0

Example dataframe. enter image description here

I want to detect outliers per group and display it in a separate dataframe, for example, for each species name, anthopleura aureradiata, I want to look at values 27.75, 6.83, and 23.91, and calculate the outliers between these values. If I find that row 4 is an outlier for that particular species, I want to display it in my new dataframe. Does anyone know how to get about this?

Reproducible example:

x = data.frame("species" = c("Agao", "Beta", "Beta", "Beta", "Carrot", "Carrot"), "sum" = c(1, 100, 5, 4, 3, 0))
Vishesh Shrivastav
  • 2,079
  • 2
  • 16
  • 34
  • 1
    You can identify an outlier with `boxplot` `boxplot(x$sum, plot = FALSE)$out` – akrun Jan 23 '20 at 21:30
  • But that won't work because I need outliers PER group in my species column, so I need outliers for rows with the same species column.
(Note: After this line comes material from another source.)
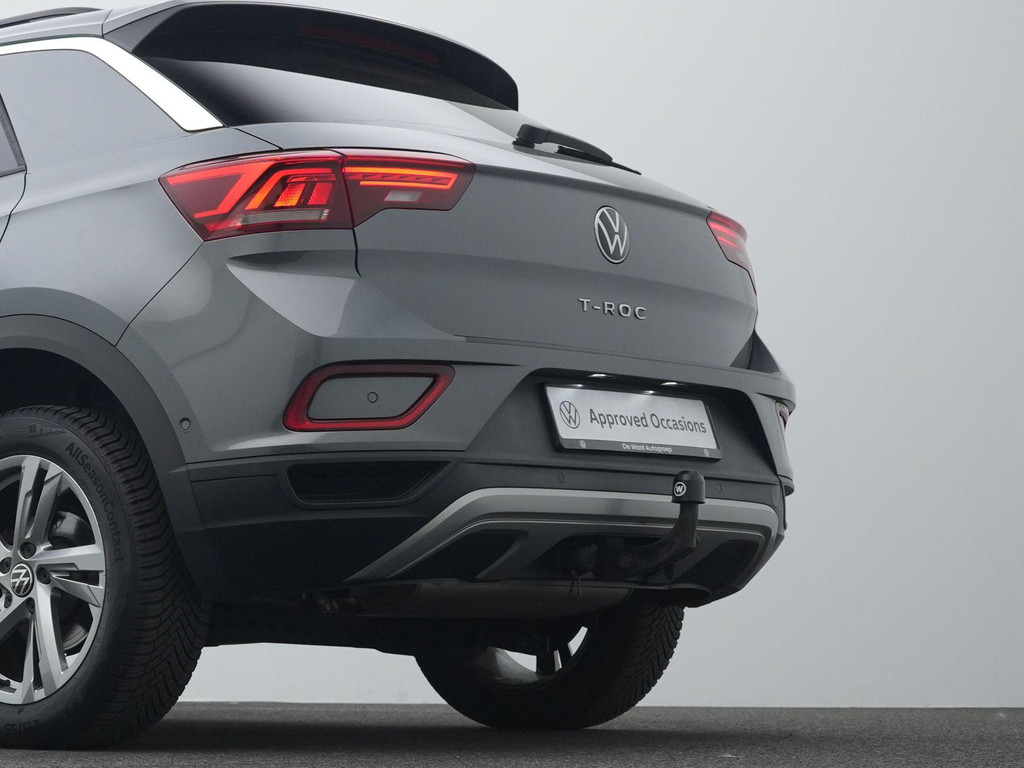 Volkswagen T-Roc (P642XG) met abonnement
I think your method does it for every value in my dataframe – mexicanseafood Jan 23 '20 at 21:39
  • Just do a `group_by` operation – akrun Jan 23 '20 at 21:39
  • x %>% group_by(species) %>% boxplot(sum, plot = FALSE)$out , do you know why this wouldn't work? cheers – mexicanseafood Jan 23 '20 at 21:54
  • I would do `x %>% group_by(species) %>% mutate(i1 = sum %in% boxplot(sum, plot = FALSE)$out) %>% ungroup` – akrun Jan 23 '20 at 21:56
  • if the number of species are limited, you can create subset for each species (species1, species2, species3, etc.) and then do boxplot(species1$sum, species2$sum, species3$sum) – Aashay Mehta Jan 23 '20 at 22:03

1 Answers1

0

We can modify this function based on our requirement and use it to filter outliers for each group and create a new dataframe.

library(dplyr)

remove_outliers <- function(x, na.rm = TRUE, ...) {
    qnt <- quantile(x, probs=c(.25, .75), na.rm = na.rm, ...)
    H <- 1.5 * IQR(x, na.rm = na.rm)
    x < (qnt[1] - H) | x > (qnt[2] + H)
}

separate_dataframe <- x %>% group_by(species) %>% filter(remove_outliers(sum))
separate_dataframe

# species   sum
#  <fct>   <dbl>
#1 Beta     -100

data

x = data.frame(species = c("Agao", "Beta", "Beta", "Beta", "Beta", 
              "Carrot", "Carrot"),sum = c(1, 1, 5, 4, -100, 3,0))
Ronak Shah
  • 377,200
  • 20
  • 156
  • 213